** MATERIAL FOR THIS EXERCISE follows **

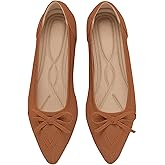 TINGRISE Women's Flats Pointed Toe Bow Knit Ballet Shoes Comfortable Dressy Mesh Slip On Flat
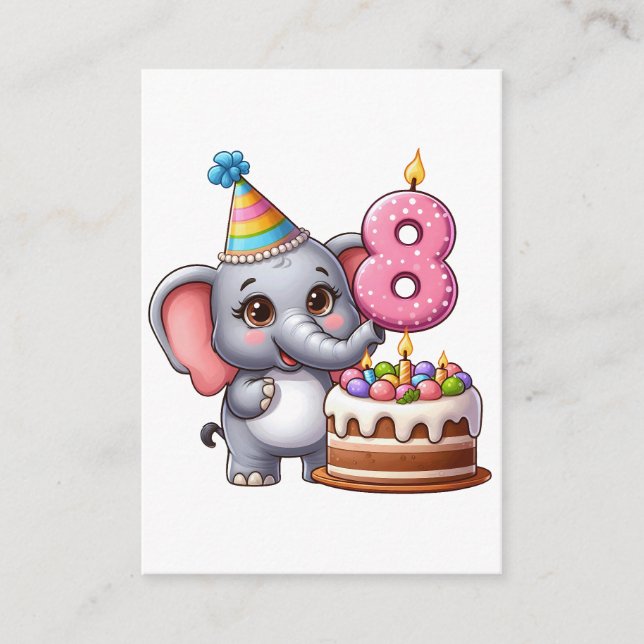 Söt elefant 8-årsdag tilläggskort (Framsida)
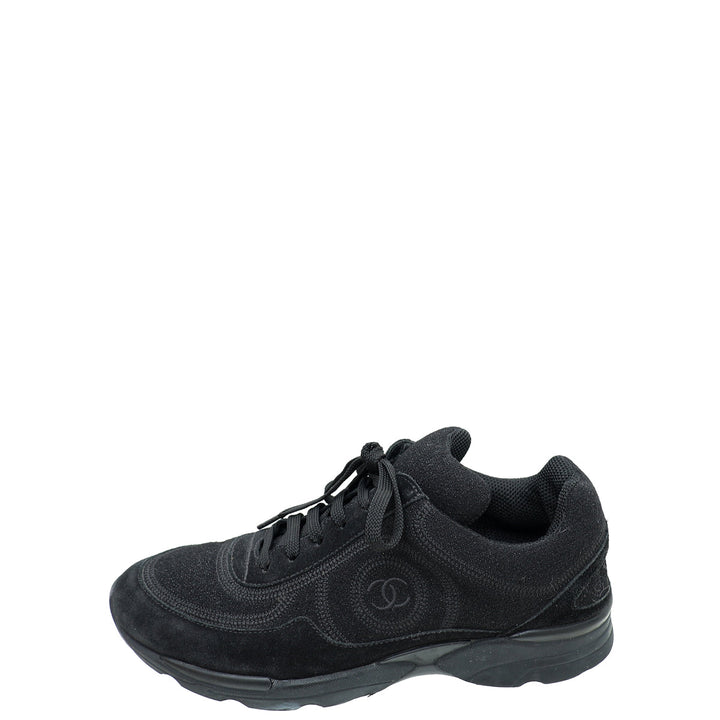 Chanel Black CC Suede Trainer Sneaker 38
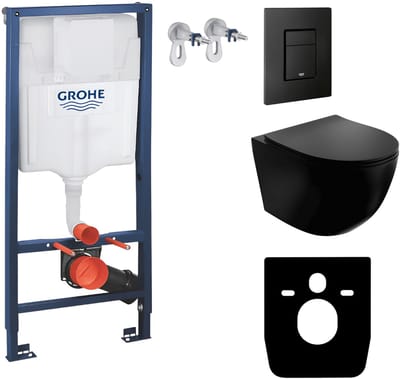 GROHE SOLIDO SINTO BLACK - Inbouwreservoir WC - Zwarte Even drukplaat - Rimless wandcloset - Toiletset Zwart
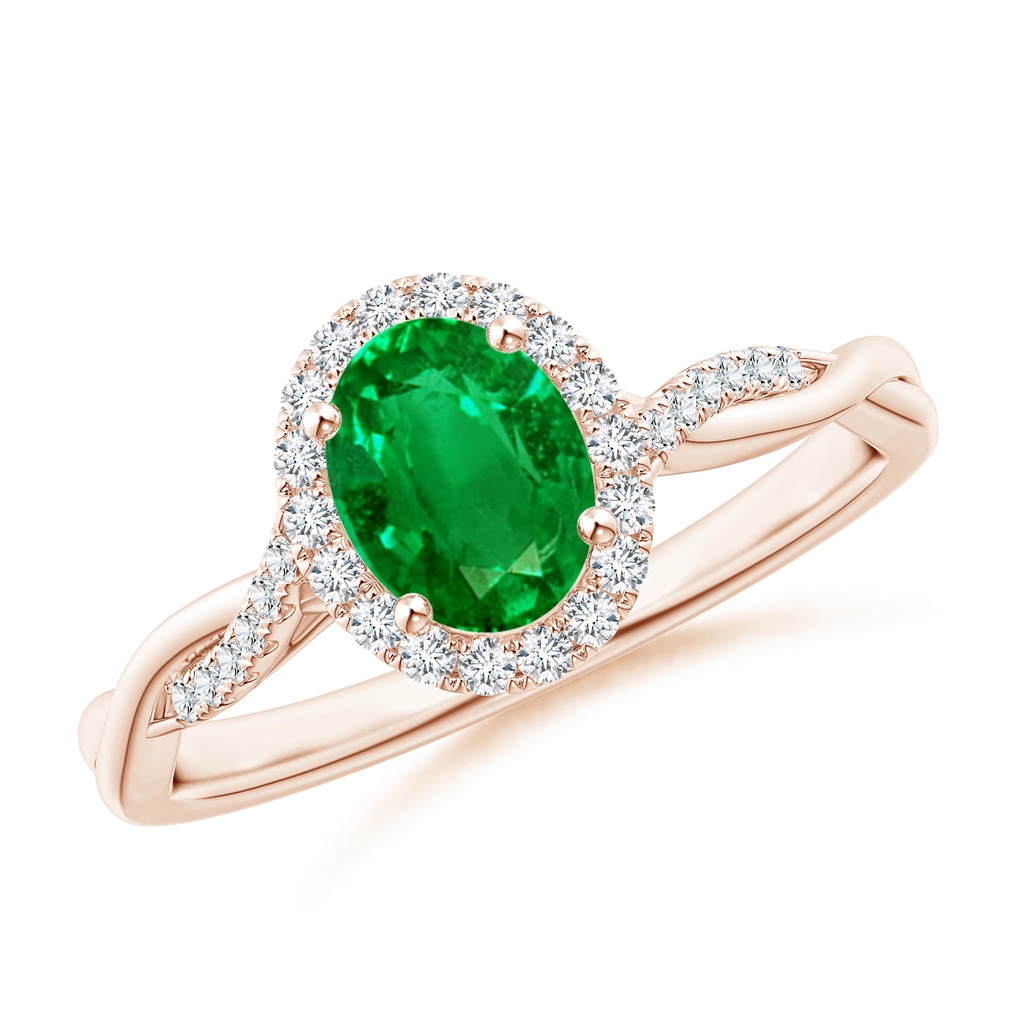 7x5mm AAAA Oval Emerald Halo Twisted Vine Ring in Rose Gold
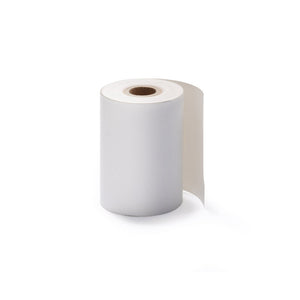 Lafayette TH57x40 thermal paper roll for EFTPOS terminals, one white roll with a cardboard core and a short length of paper unrolled beside it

** End of MATERIAL FOR THIS EXERCISE **

Transcribe the records above exactly, excluding every picture.

EXERCISE SOLUTION:
 TINGRISE Women's Flats Pointed Toe Bow Knit Ballet Shoes Comfortable Dressy Mesh Slip On Flat
 Söt elefant 8-årsdag tilläggskort (Framsida)
 Chanel Black CC Suede Trainer Sneaker 38
 GROHE SOLIDO SINTO BLACK - Inbouwreservoir WC - Zwarte Even drukplaat - Rimless wandcloset - Toiletset Zwart
 7x5mm AAAA Oval Emerald Halo Twisted Vine Ring in Rose Gold
 Lafayette TH57x40 thermal paper roll for EFTPOS terminals, one white roll with a cardboard core and a short length of paper unrolled beside it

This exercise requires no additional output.